There’s a bourride derived from Cabral’s first restaurant job, where a rather tyrannical chef taught him that every detail matters in its preparation: perfectly filleted monkfish, rich confited potatoes and beautifully braised fennel. Also, he’s cooking Steelhead Trout simply prepared with classic flavors of the region – lemon and picholine olives, a cast iron chicken that might have you off rotisserie, served with leafy greens, muscat grapes, croutons, and a gorgeous Steak Frites glossed with shallot butter and fries with fizzled herbs and flaky salt. He’s also doing a dish I’d never had before – the rustic meatballs from the Ardèche region known as caillettes that he updates with lamb, which his father would cook every Sunday in Marseille.
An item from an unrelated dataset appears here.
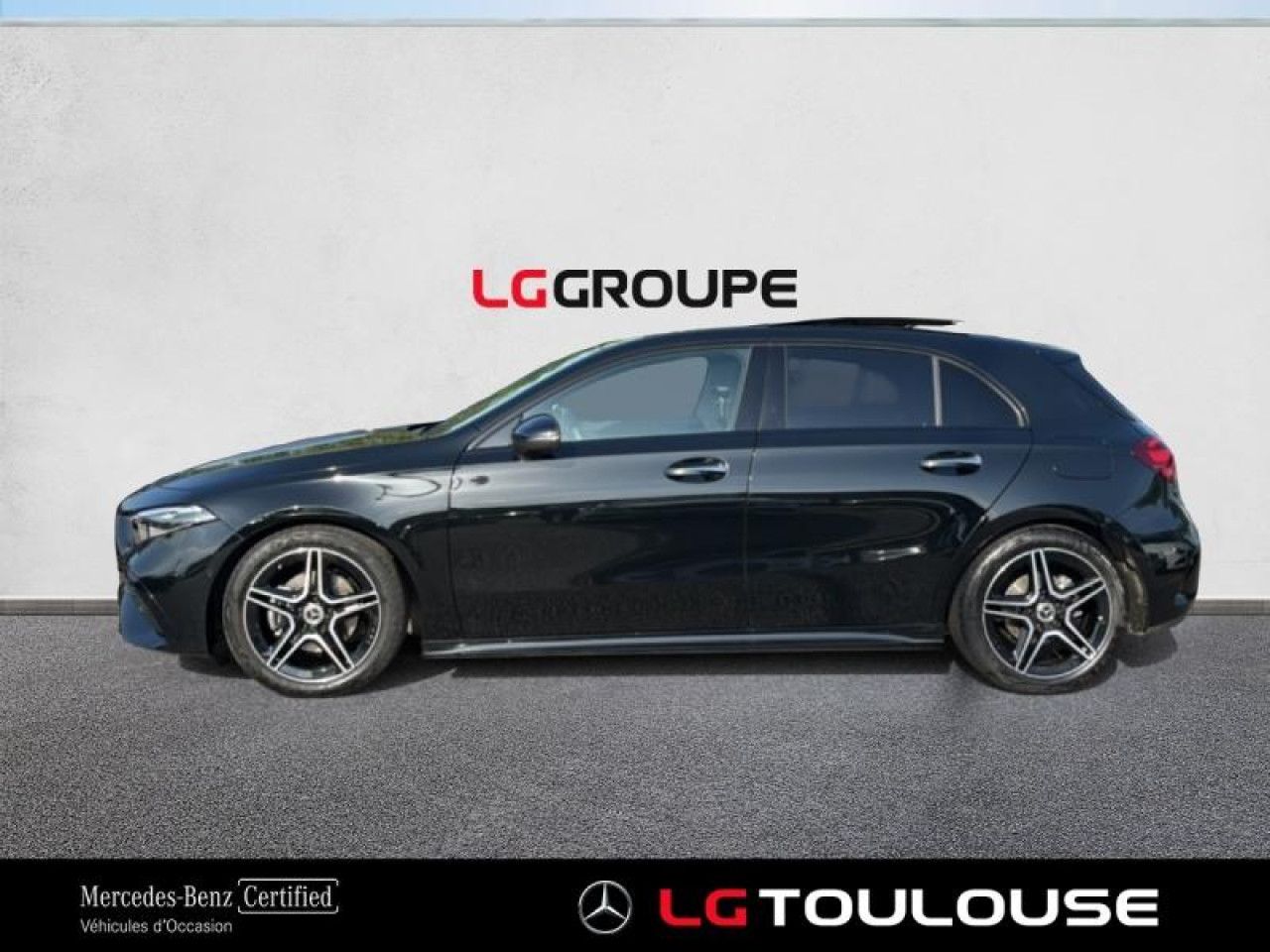 Photo du v&eacute;hicule 4 / 18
If you’re into rosé, the bar will be your summer perch. There’s a big list of gems from the region served at the beautiful backlit bar and its adjacent gathering area, set up with custom train-station benches and enameled bistro tables, a welcoming watering hole for friends and neighbors.
After working with his interior designer cousin Guini Suarez of Dekar Design on all of his prior spaces, Carlos was finally confident (or broke enough after two years of waiting to reopen?) to tackle his eighth restaurant on his own. Luckily the man has impeccable taste. I’d love to live inside this restaurant – warm, soulful, inviting, cozy — all the things.
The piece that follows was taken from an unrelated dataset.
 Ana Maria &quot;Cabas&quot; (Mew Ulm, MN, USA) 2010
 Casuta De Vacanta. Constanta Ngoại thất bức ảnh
Carlos reimagined the formerly whitewashed space, adding Venetian plaster, Hollywood booths, and warm rift red oak throughout, from framing the dining room to paneling the backlit bar. His most treasured find? The vintage p4 pendant lights, designed by Otto Muller c. 1930. The opaline stepped-glass lamps, which hang above the bar, were the designer’s homage to Poul Henningsen’ s iconic ph lighting range. In the day it’s flooded with natural light, but in the evening it feels more polished and grown-up, a place to tuck in, stay a while.
About the restaurant’s name, and I had forgotten this. It’s named for Claudette Sammut, the Tunisian-French matriarch who left Tunisia in the 1950s to open several beloved restaurants in Provence, including the acclaimed La Fenière in Lourmarin. It was there, in 2014, that Carlos had dinner and fell so under its spell, he asked if he could take Claudette’s name for his next project before dessert had arrived. Her spirit lives on.
Claudette is located at 24 Fifth Avenue, (212) 868-2424. It is open for dinner from 5 to 10 p.m., with lunch and brunch to follow this summer. The 22-seat Flamingo Room, a private dining option complete with its own bar, will reopen come fall. Reservations can be made online at claudettenyc.com, and are also available through the Resy app. Walk-ins are always welcome.




Excited to revisit Claudette — even if it takes me back to 24 5th where my ex (yup that one!) accidentally dropped the AC from our 5th floor window! 🙃 A meal here sounds decidedly more digestible.